Tuesday, July 25, 2017

Shouldn't I buy Insurance Online?

ANSWER: YES... YOU SHOULD!
You should buy Insurance online to save the hassle of having to interact with an insurance advisor. BUT this is only relevant to products which don't need any advice.
It is just like going to a pharmacy: some medicines are over the counter medicines but some medicines need a doctor's prescription as they might have side effects or certain dosage requirements.
An example would be: for a cold and cough, you can buy over the counter; but if you are seeking treatment for cancer and need to buy a chemotherapy injection that is ONLY by prescription or it could be fatal.

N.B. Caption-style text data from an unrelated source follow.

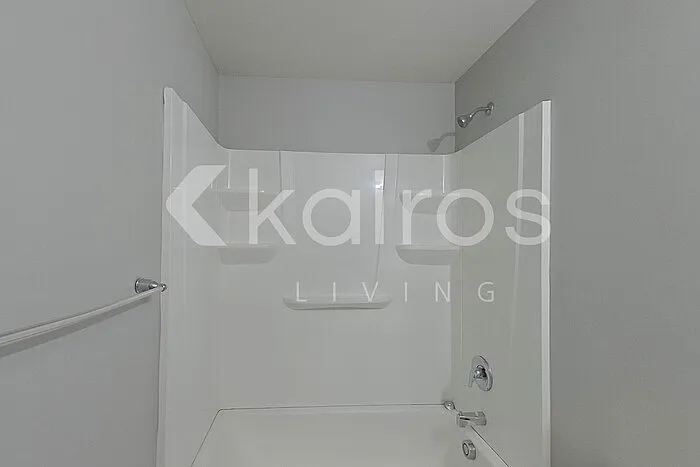 105 Kyles Dr — Photo 14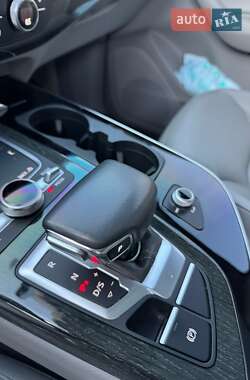 Внедорожник / Кроссовер Audi Q7 2018 в 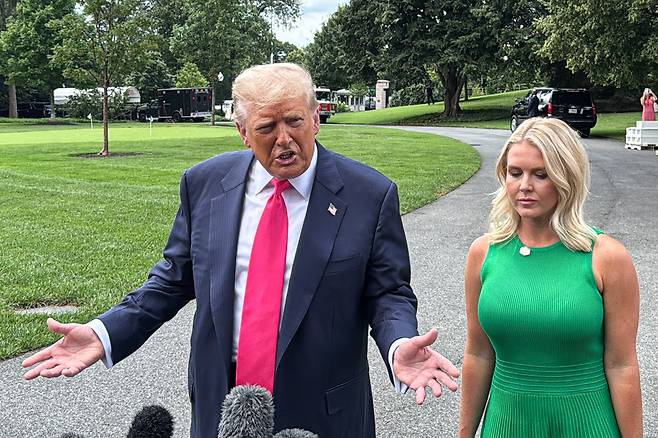 도널드 트럼프 미국 대통령(왼쪽)과 캐럴라인 레빗 백악관 대변인. /TASS 연합뉴스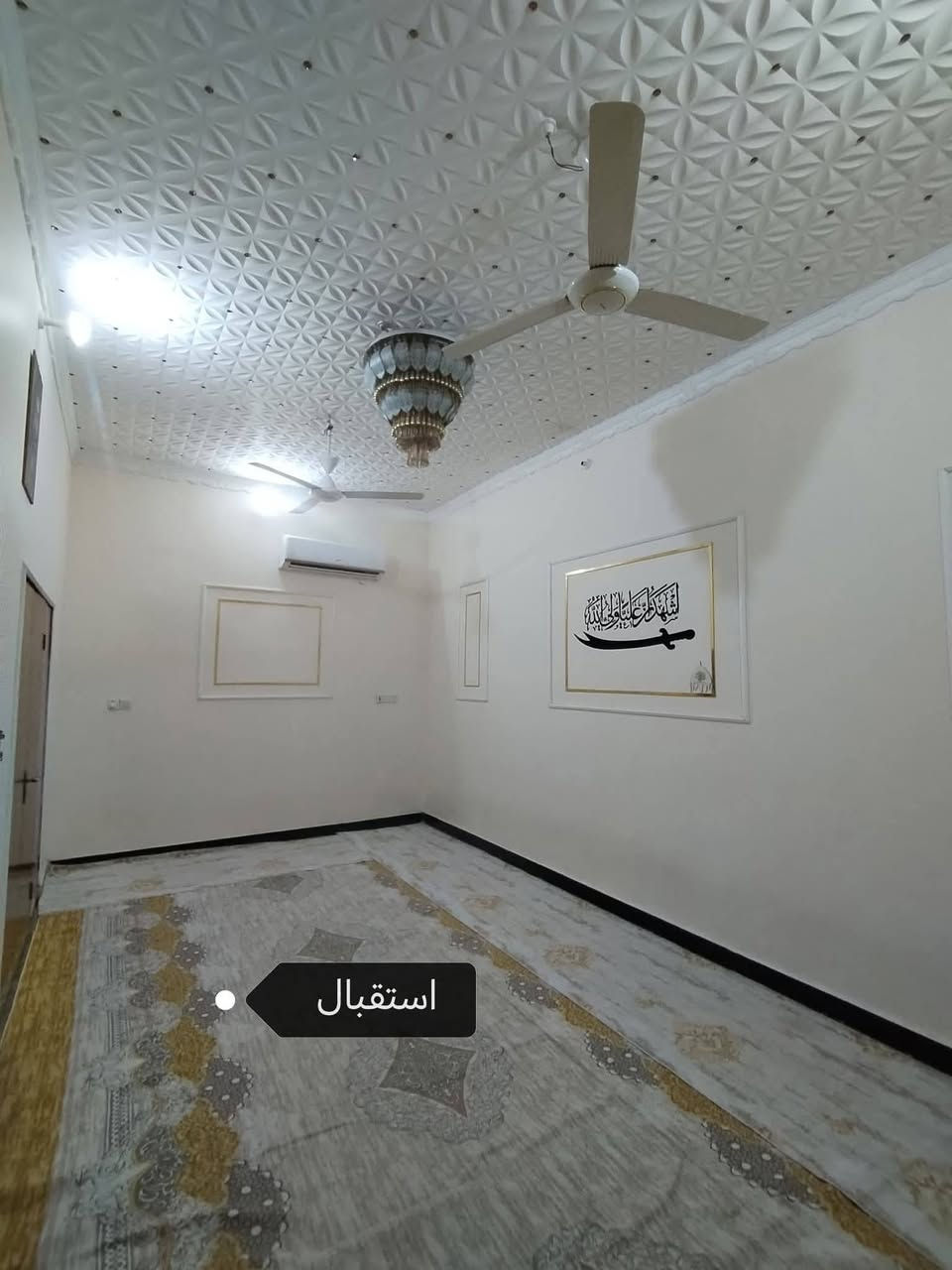 دار للبيع في حي العسكري طابقين مساحة 200 متر  50 متر عن الشارع العام الموقع علئ ساحة المكان خلف مجمع سيد اثير
يتكون من استقبال
غرف عدد4
صحيات داخليه خارجيه
مطبخ كبير حار وبارد
مناور عدد 2
صاله + هول
طارمه كبيره
مكان البيت كلش مرتب وقريب علئ الشارع
للتواصل ***********
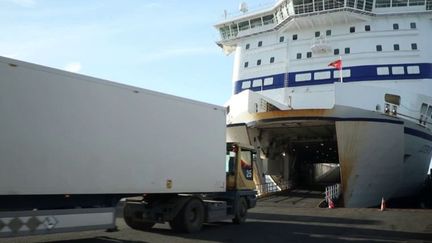 La sortie du Royaume-Uni de l'Union européenne a largement rebattu les cartes, notamment en matière de transport.&nbsp;Une nouvelle route maritime pour transporter les marchandises a ainsi vu le jour.&nbsp;Elle part d'Irlande et permet d'éviter les contraintes administratives liées au Brexit. (FRANCEINFO)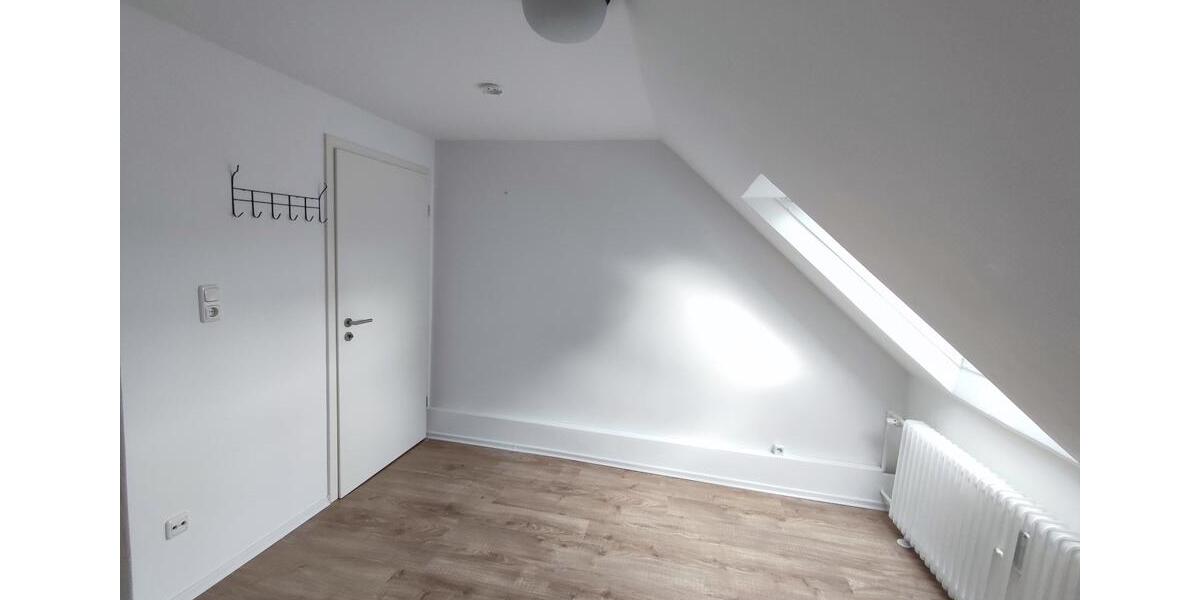 Etagenwohnung Coburg - 1 Zimmer, 12 m&sup2;, 260&euro; | Angebot:26698814
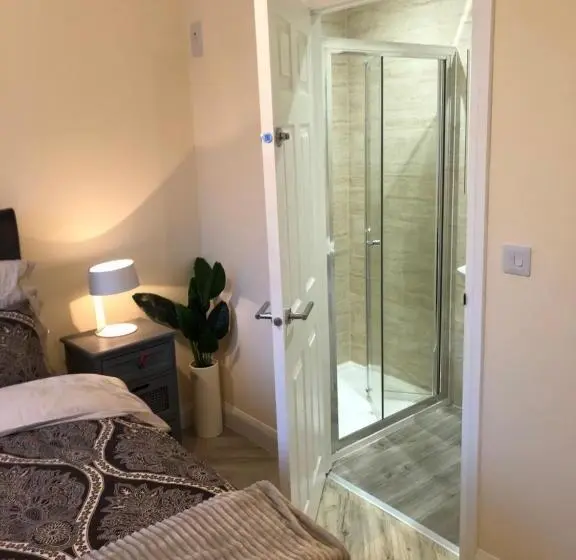 اتاق لوکس, Cuterooms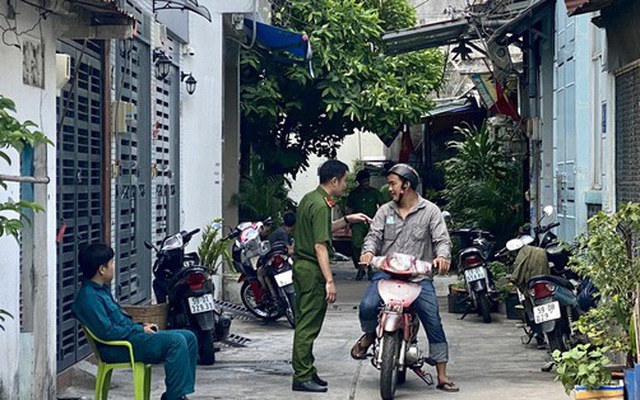 Vợ chồng bị thương vong trong căn nhà cháy: Lời kể người chứng kiến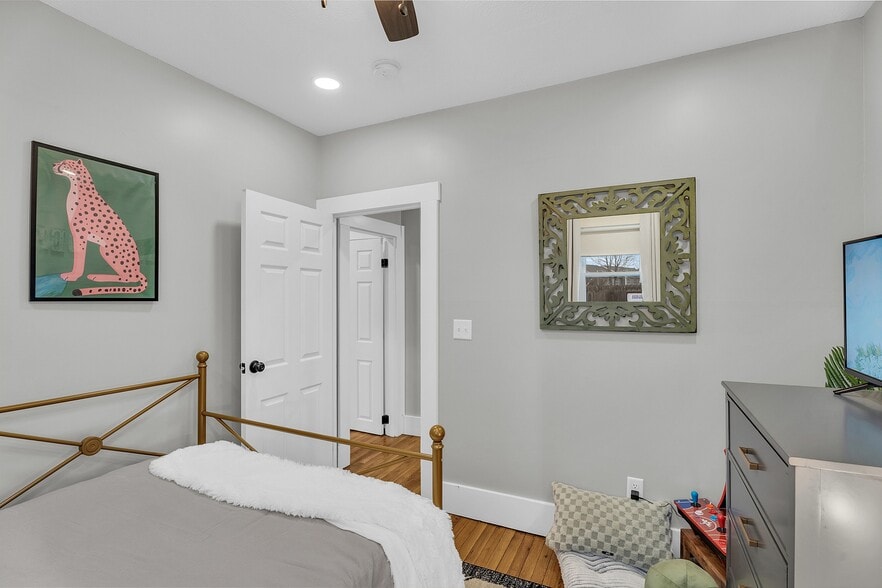 Building Photo - 4 Mc Gregor St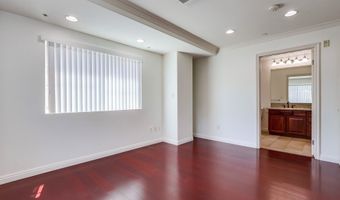 700 S Ardmore Ave 204, Los Angeles, CA 90005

It's the same with trying to buy an insurance product online. Some products are simple and easier to understand hence can be purchased online like Car Insurance or Home Insurance or Travel Insurance as they have been commoditized in most scenarios; but again if you have a high end painting in your house or a limited edition sports car and that needs to be insured speaking to a qualified insurance advisor is a requirement.
Just like in medicine where it is a matter of LIFE & DEATH... you do need a trusted and professional advisor.
When planning your financial future; looking at the unique changes of geopolitical risk, health risk, or risks unknown.... getting a professional advisor by your side is worth the effort of finding the right advisor.
I HAVE BEEN ASKED: Don't we have financial planning calculators online to do that for us?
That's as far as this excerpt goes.